------ SOURCE RECORDS ------
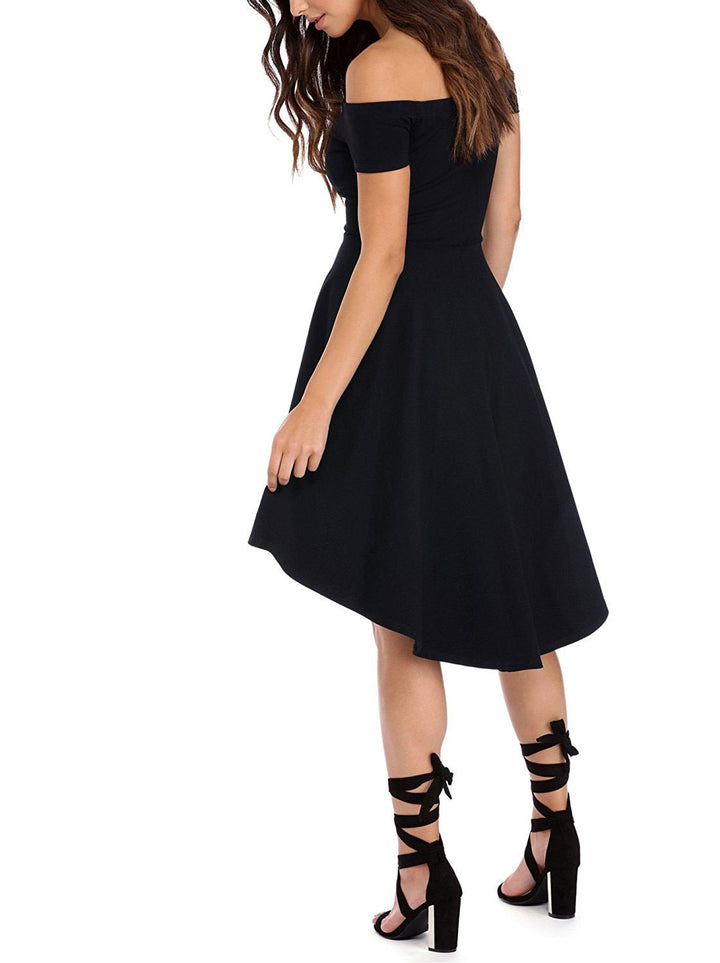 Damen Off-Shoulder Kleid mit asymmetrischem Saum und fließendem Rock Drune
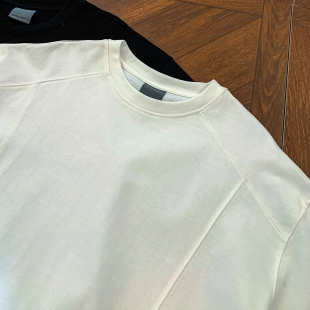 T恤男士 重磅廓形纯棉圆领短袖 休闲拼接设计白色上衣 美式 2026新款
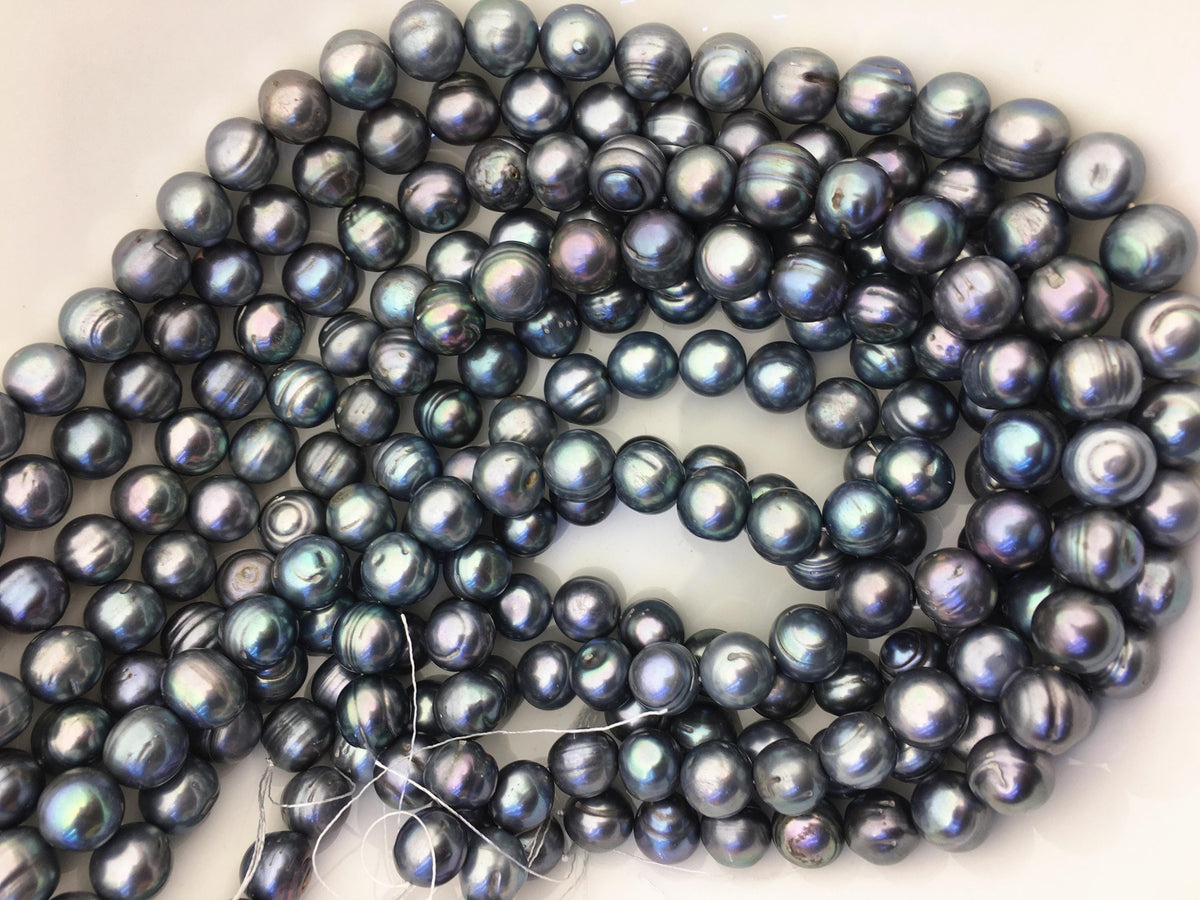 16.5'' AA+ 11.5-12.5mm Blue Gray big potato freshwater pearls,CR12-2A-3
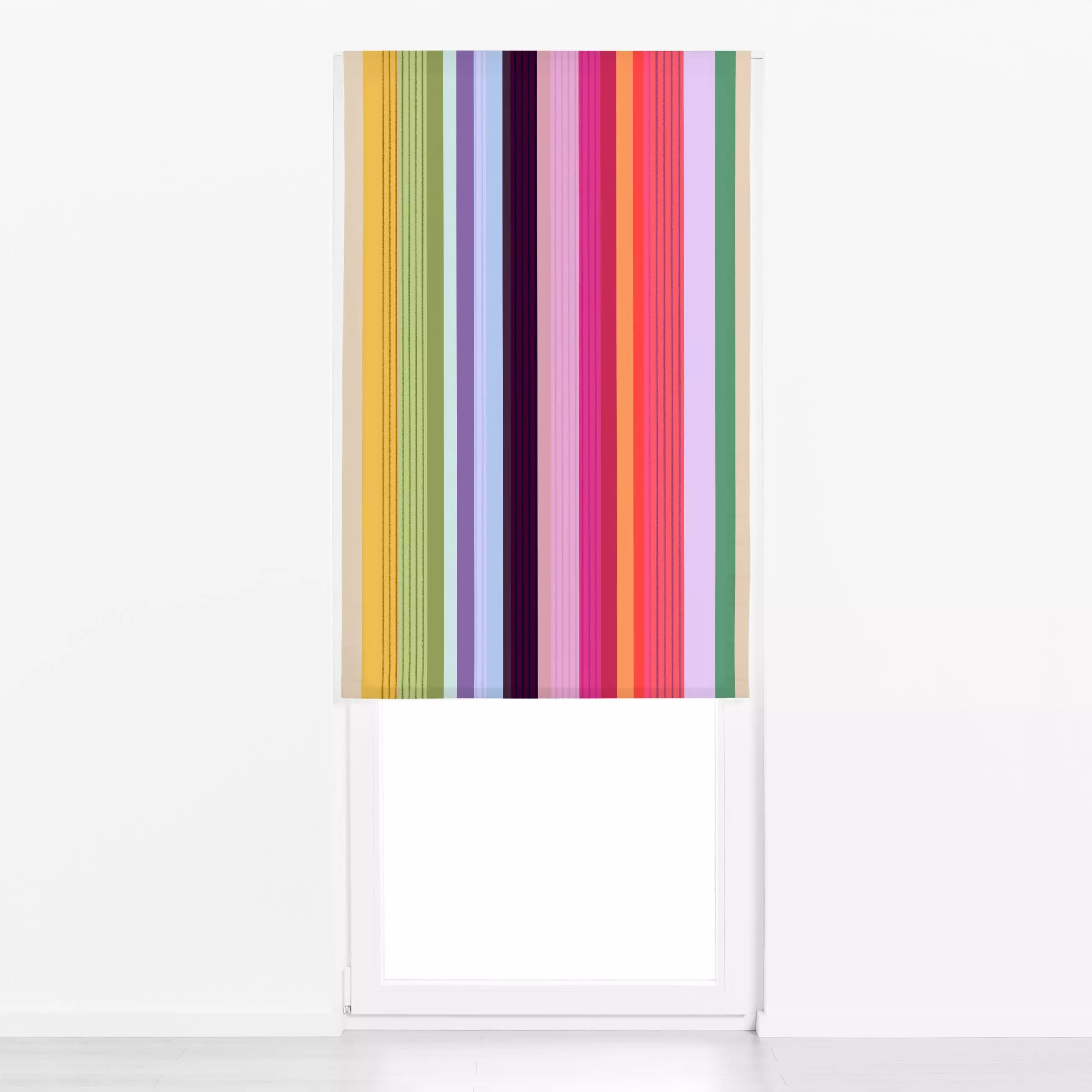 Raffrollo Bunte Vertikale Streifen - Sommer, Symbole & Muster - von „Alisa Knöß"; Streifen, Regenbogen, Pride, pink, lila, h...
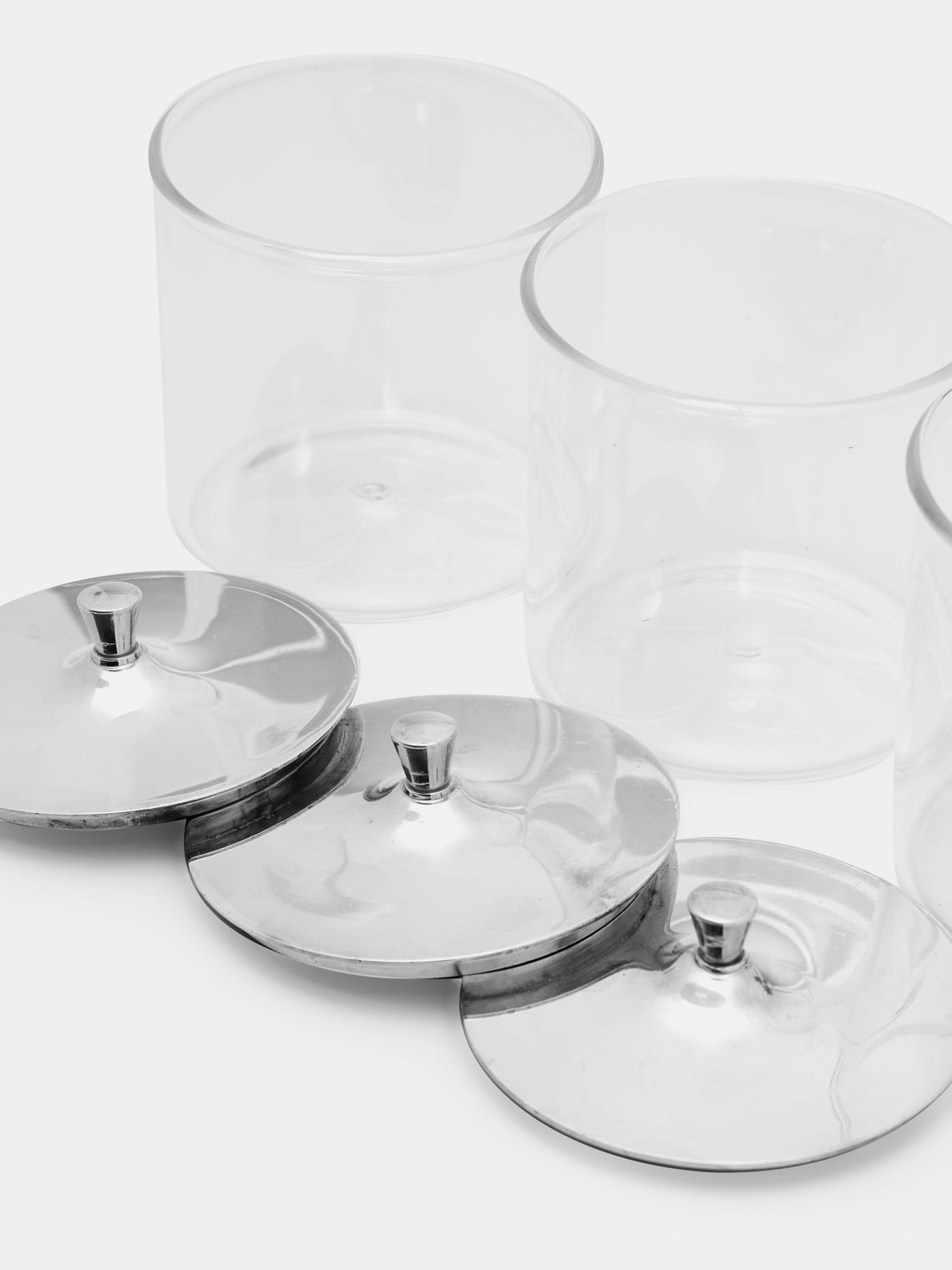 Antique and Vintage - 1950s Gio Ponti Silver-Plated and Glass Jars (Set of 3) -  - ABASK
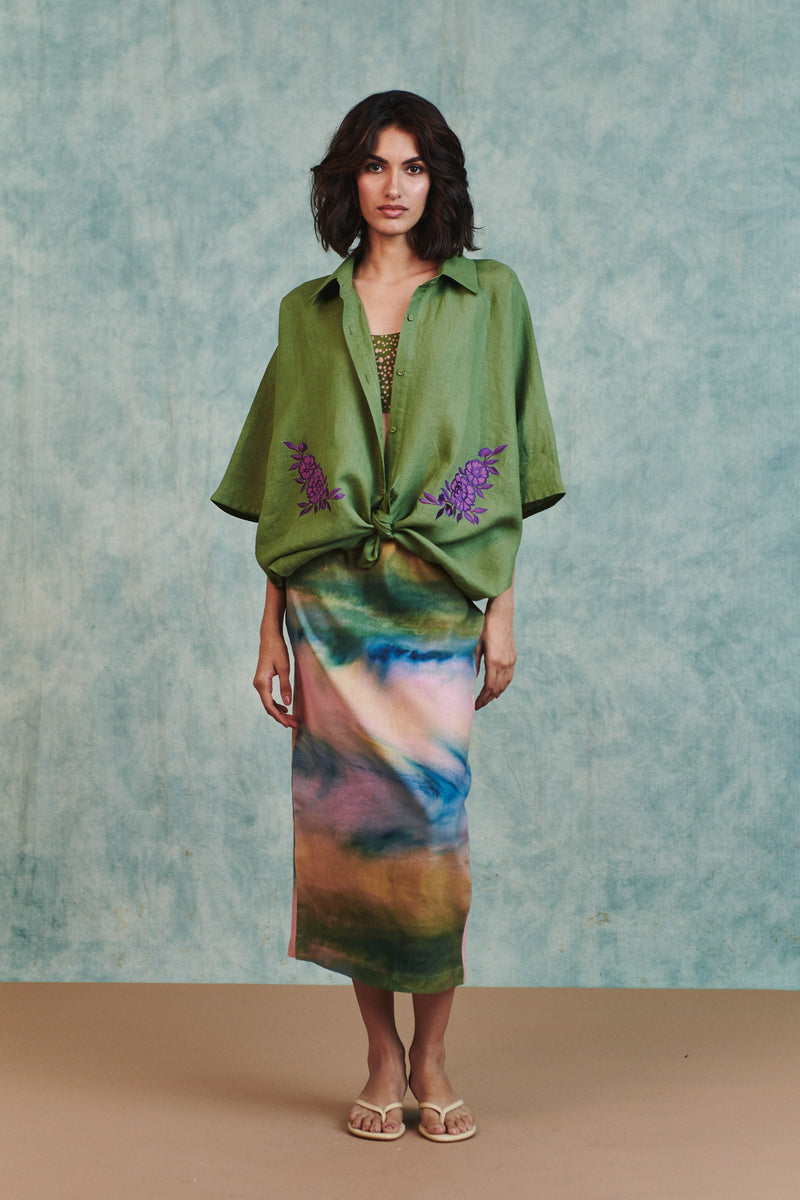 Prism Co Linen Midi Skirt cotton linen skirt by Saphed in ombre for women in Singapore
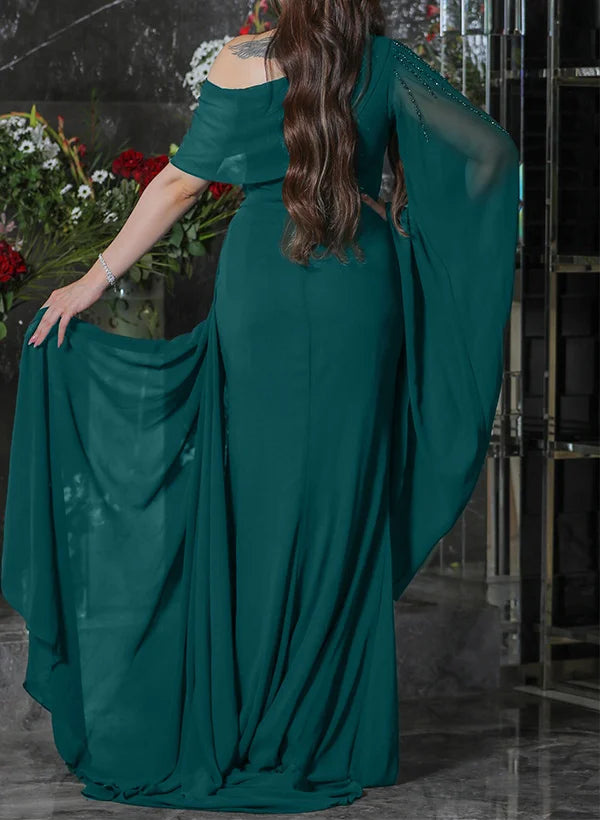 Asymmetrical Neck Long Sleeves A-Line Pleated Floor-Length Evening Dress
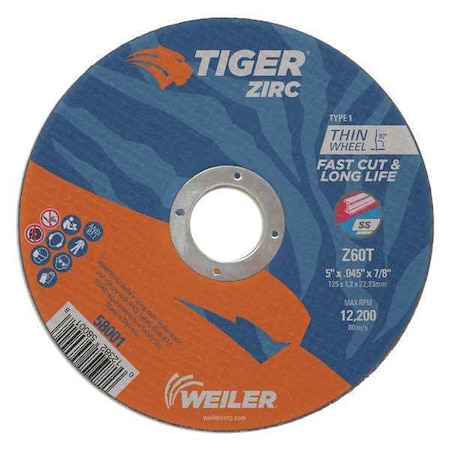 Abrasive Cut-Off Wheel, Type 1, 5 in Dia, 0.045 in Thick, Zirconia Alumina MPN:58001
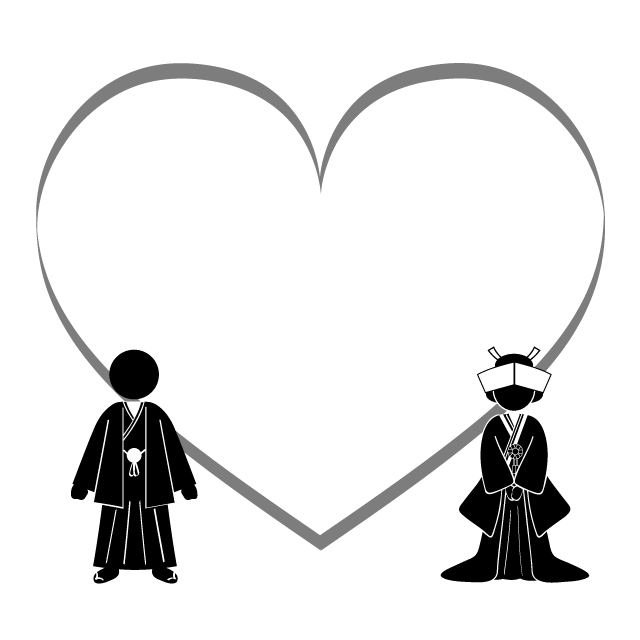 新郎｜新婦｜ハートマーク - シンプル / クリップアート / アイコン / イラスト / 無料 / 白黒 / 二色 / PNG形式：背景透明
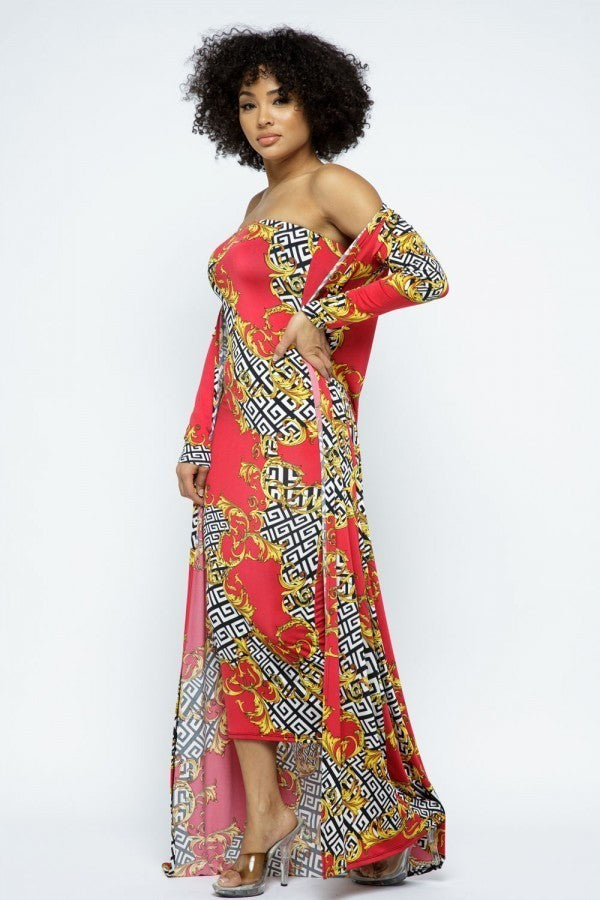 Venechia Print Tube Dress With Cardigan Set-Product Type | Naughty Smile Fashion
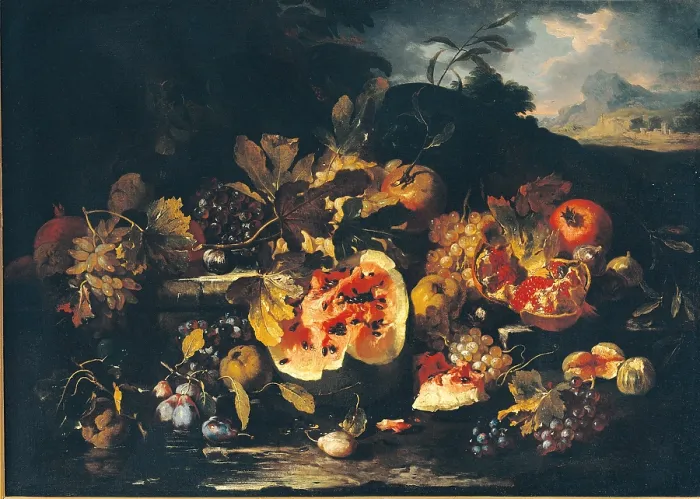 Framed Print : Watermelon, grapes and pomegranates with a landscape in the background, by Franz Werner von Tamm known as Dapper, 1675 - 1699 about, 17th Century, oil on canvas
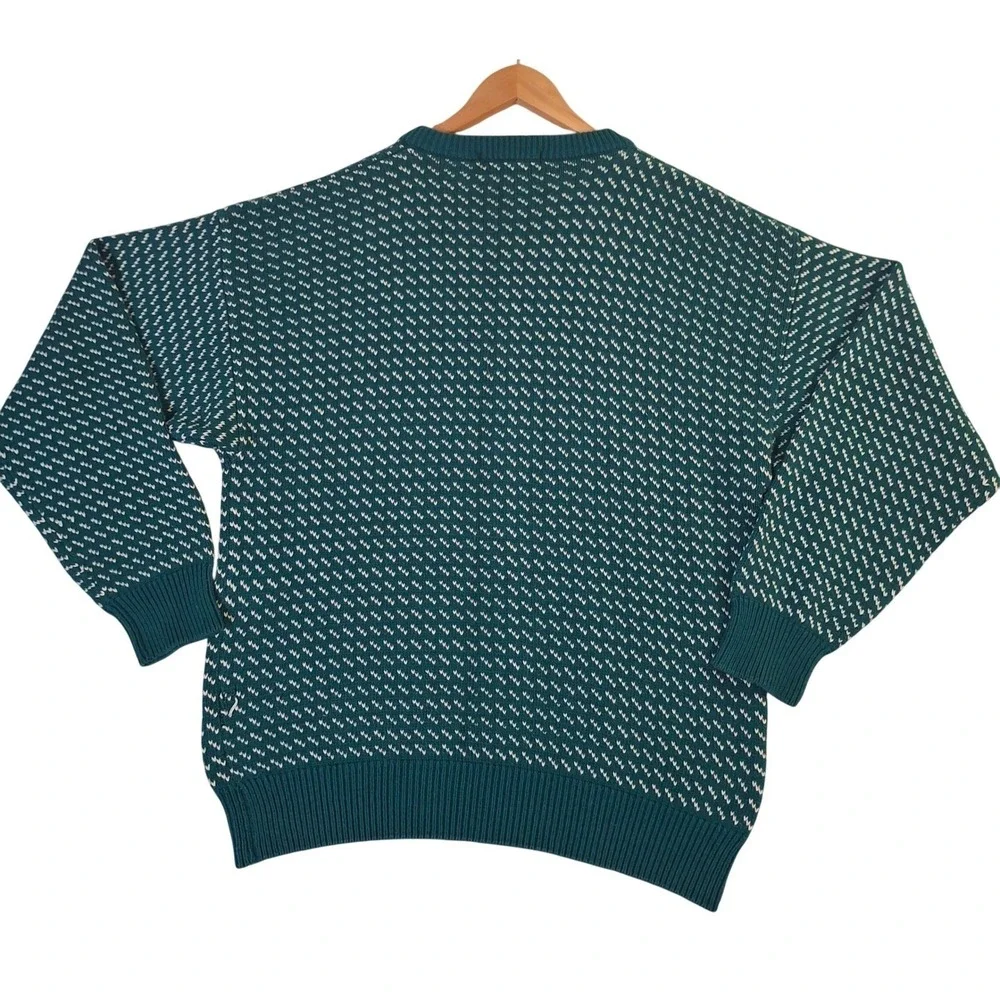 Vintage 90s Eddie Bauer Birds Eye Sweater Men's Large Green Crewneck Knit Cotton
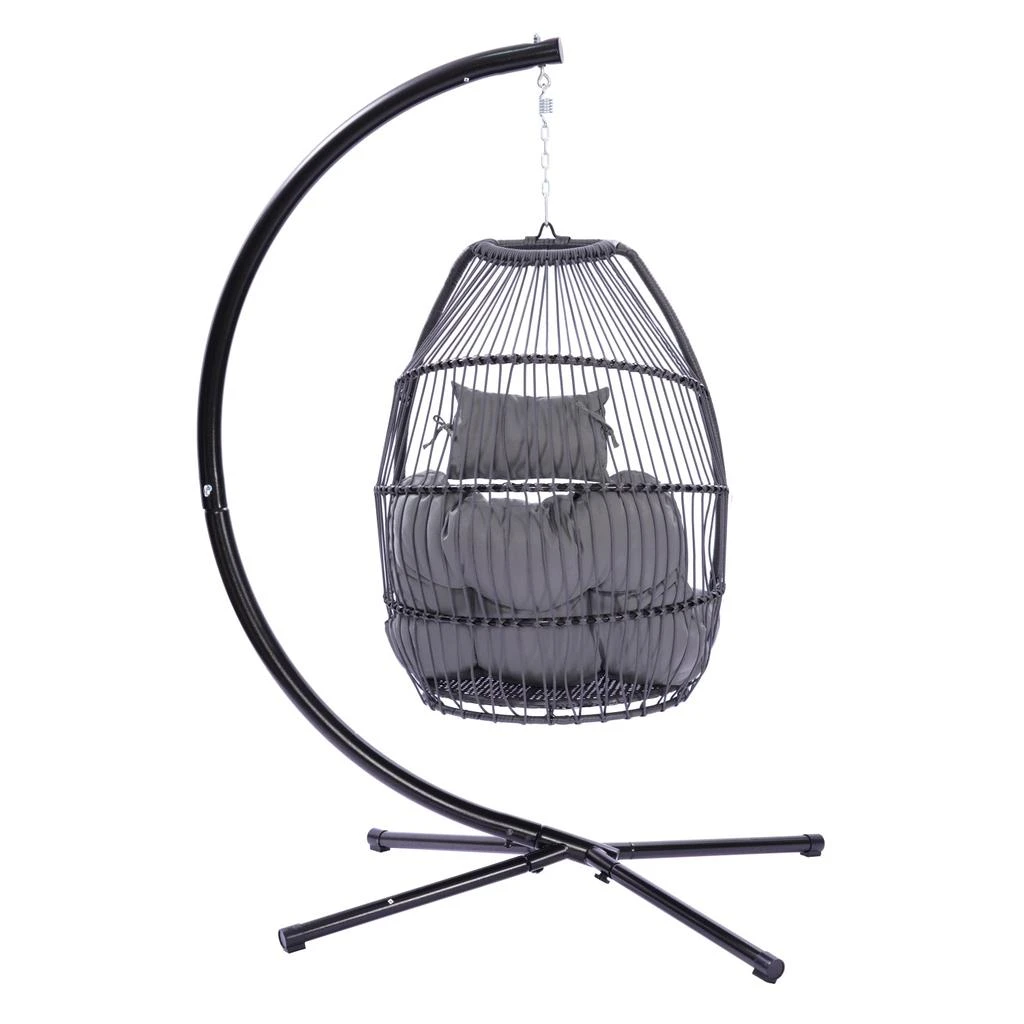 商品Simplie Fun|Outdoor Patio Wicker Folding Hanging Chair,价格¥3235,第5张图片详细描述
------
What must be output is the exact run of lines from the one holding "Asymmetrical Neck Long" through the end of the entries above, both ends included, minus the pictures.

**ANSWER SPACE:**
 Asymmetrical Neck Long Sleeves A-Line Pleated Floor-Length Evening Dress
 Abrasive Cut-Off Wheel, Type 1, 5 in Dia, 0.045 in Thick, Zirconia Alumina MPN:58001
 新郎｜新婦｜ハートマーク - シンプル / クリップアート / アイコン / イラスト / 無料 / 白黒 / 二色 / PNG形式：背景透明
 Venechia Print Tube Dress With Cardigan Set-Product Type | Naughty Smile Fashion
 Framed Print : Watermelon, grapes and pomegranates with a landscape in the background, by Franz Werner von Tamm known as Dapper, 1675 - 1699 about, 17th Century, oil on canvas
 Vintage 90s Eddie Bauer Birds Eye Sweater Men's Large Green Crewneck Knit Cotton
 商品Simplie Fun|Outdoor Patio Wicker Folding Hanging Chair,价格¥3235,第5张图片详细描述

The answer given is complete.